____ Records for the exercise

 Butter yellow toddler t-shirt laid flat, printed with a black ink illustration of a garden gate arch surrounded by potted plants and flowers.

________
____ Records for the exercise

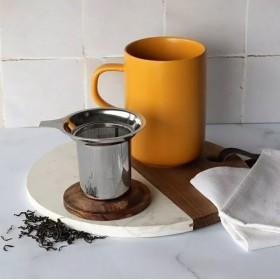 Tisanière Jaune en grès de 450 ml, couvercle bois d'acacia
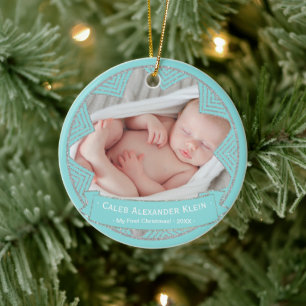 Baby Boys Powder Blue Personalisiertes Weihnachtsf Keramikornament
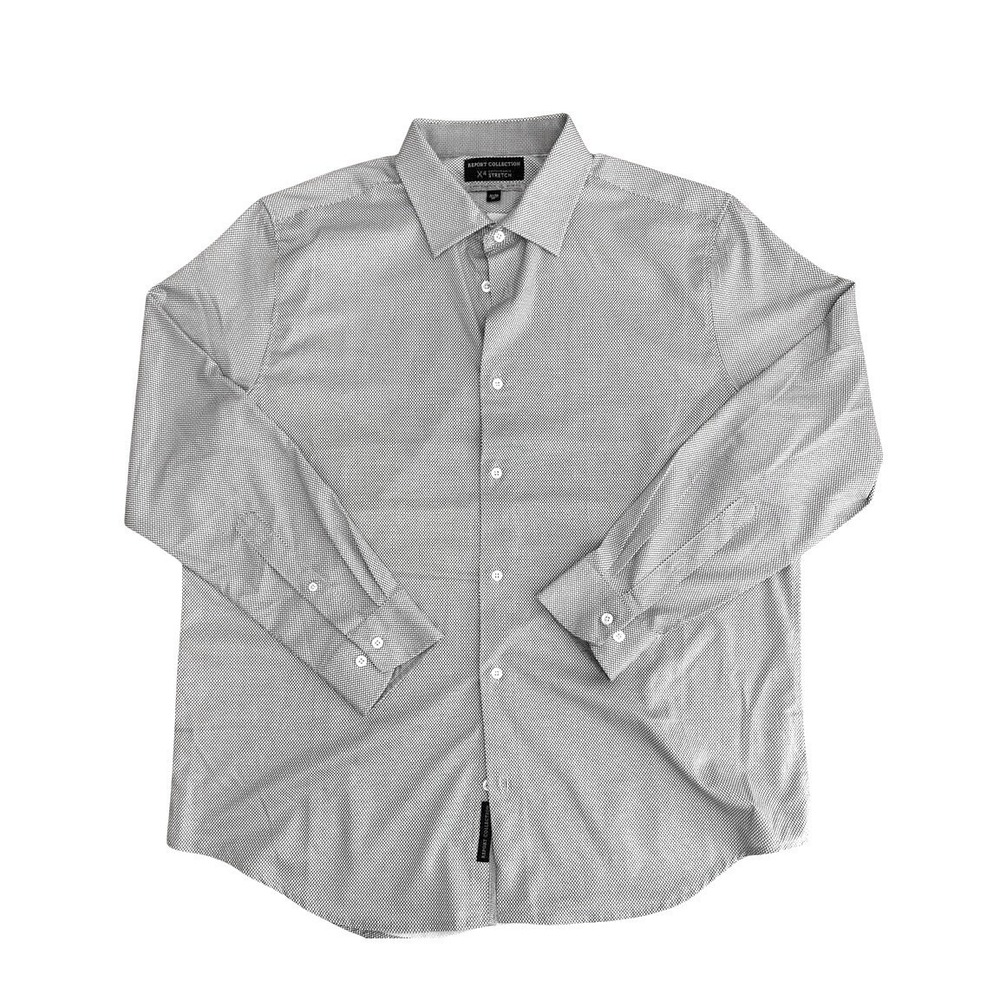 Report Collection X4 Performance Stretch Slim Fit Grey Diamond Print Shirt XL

________

§ **Task**:
Copy word for word the lines of the records above from the one with "Tisanière Jaune en" up to and including the one with "Report Collection X4". Skip the pictures.

§ **Response area**:
 Tisanière Jaune en grès de 450 ml, couvercle bois d'acacia
 Baby Boys Powder Blue Personalisiertes Weihnachtsf Keramikornament
 Report Collection X4 Performance Stretch Slim Fit Grey Diamond Print Shirt XL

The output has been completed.